High Affinity Host–Guest FRET Pair for Single-Vesicle Content Mixing Assay: Observation of Flickering Fusion Events
Single vesicle fusion assays using SNARE-reconstituted vesicles have played a vital role in elucidating the mechanisms of SNARE mediated vesicle fusion by allowing controlled observations which are not possible by in vivo studies. However, the existing assays have limitations such as low sensitivity and limited ability to detect transient fusion pore openings. Our group in collaboration with Prof. N. K. Lee group in POSTECH have developed a novel in vitro assay that allows them to study the dynamics of vesicle fusion. With the assay, the researchers show that the vesicle fusion process, guided here by neuronal SNAREs, undergoes “flickering” for the first time.
Many biological processes rely on tiny cargocarrying sacs called vesicles. Neurotransmitter release, exocytosis, vesicle trafficking, and other biological processes depend on the fusion of these phospholipid vesicles to each other or to a larger cell. The fusion is facilitated by proteins called SNAREs(soluble N-ethylmaleimide-sensitive factor attachment protein receptor) that work like tethers. Although researchers have spent years investigating how SNAREs and other regulatory proteins govern vesicle fusion, many details are unknown. Single vesicle fusion assays using SNARE-reconstituted vesicles have played a vital role in elucidating the mechanisms of SNARE mediated vesicle fusion by allowing controlled observations which are not possible by in vivo studies.
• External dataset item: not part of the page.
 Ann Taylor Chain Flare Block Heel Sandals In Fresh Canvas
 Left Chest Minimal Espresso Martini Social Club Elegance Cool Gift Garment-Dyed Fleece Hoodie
However, the existing assays have limitations such as low sensitivity and limited ability to detect transient fusion pore openings. To overcome such limitations, our group in collaboration with Nam Ki Lee group has recently developed an in vitro assay that allows them to study the dynamics of vesicle fusion. We synthesized a host-guest fluorescence resonance energy transfer (FRET) pair (CB[7]-Cy3 & Ad-Cy5) displaying unique features such as small size, high affinity and high signal-to-noise ratio. With the assay, we discovered that our assay has the ability to distinguish between the docking and membrane fusion pore opening state with a high signal to noise ratio. Remarkably, CB[7]-Cy3 & Ad-Cy5 FRET sensor with a high signal to noise ratio allowed us to observe, for the first time, reversible fusion pore flickering events, i.e., a repetitive opening and closure of the fusion pore in an in vitro content-mixing assay. This work demonstrated the potential of our novel content-mixing assay for the development of synaptic vesicle fusion study. This synthetic “host-guest FRET pair” with extremely strong binding affinity and specificity can be extended to the analysis of other short-lived and dynamically rapid biological processes and may be applied to various chemical and biological studies as a supramolecular beacon.
Gong, B.; Choi, B.-K.; Kim, J.-Y.; Shetty, D.; Ko, Y. H.; Selvapalam, N.; Lee, N. K.; Kim, K. “ High Affinity Host–Guest FRET Pair for Single-Vesicle Content-Mixing Assay: Observation of Flickering Fusion Events” J. Am. Chem. Soc. 2015, 137, 8908-8911.